Jazz chops, hang-ups, and assholes
In search of the Village Voice classified ad that gave rise to Steely Dan
One afternoon last spring, while poring over an issue of the Village Voice that was more than a half century old, I came across a classified ad that struck me as a premise straight out of the Becker-Fagen songbook.
“Un-discovered, un-established, talented sculptor enjoys Provincetown and the inspiring Cape Cod beaches in winter—only it gets too inspiring and too lonely,” read the small black type. “Need a chick that don’t talk too much, that needs the winter seascape, that will sit for my next work, to come along. Weekends mostly.”

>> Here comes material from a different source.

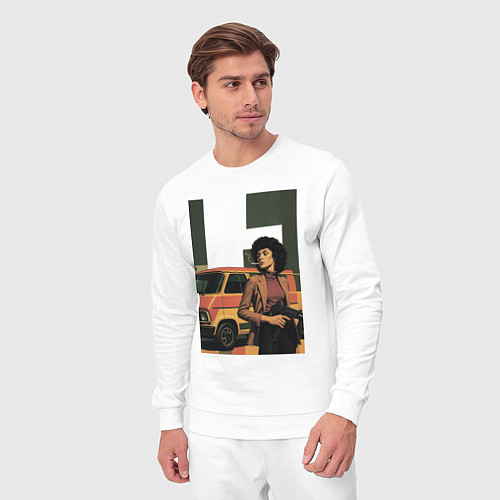 Мужской костюм Девушка с автоматом на фоне минивэна ретрофутуризм / Белый – фото 3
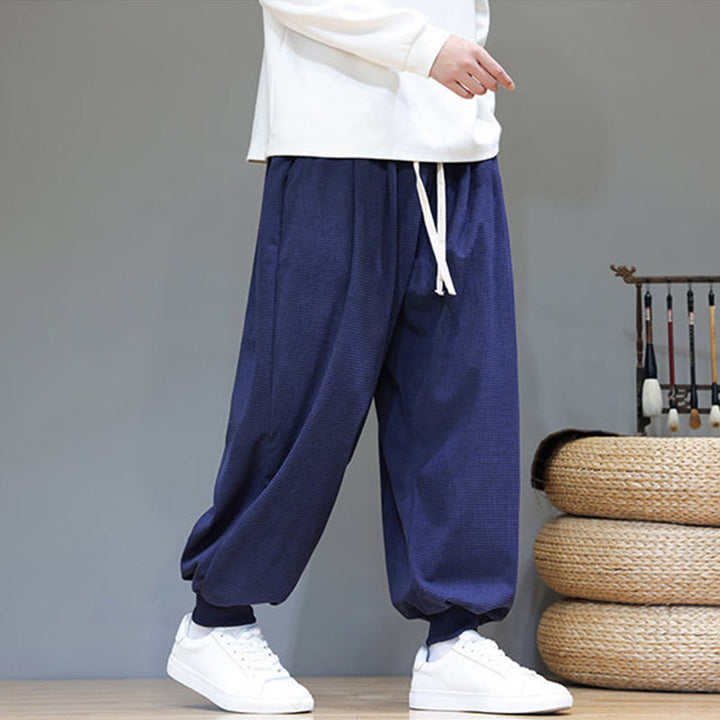 Pantaloni da uomo in velluto a coste di cotone con coulisse, modello semplice, modello Buddha Stones Fall Plain con tasche - image 52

Such amusingly icky scenarios, and the characters who dwell within them, were Steely Dan’s bailiwick. This one might have been right at home on Two Against Nature, whose Dean & DeLuca mug runneth over with sharply drawn portraits of romantically ineffectual egotists.
The creepy Cape Cod sculptor was a welcome distraction. For the better part of two days, I’d been tediously combing through the archives of New York City’s pioneering alternative weekly newspaper in pursuit of what increasingly seemed like a classic rock white whale: the 50-plus-year-old classified ad that had become a cornerstone of the creation myth of Steely Dan.
In the sometimes shadowy annals of the Dan, the Village Voice advertisement is considered a kind of sacred foundational text. So why, I wondered, had no one outside the group ever laid eyes on it?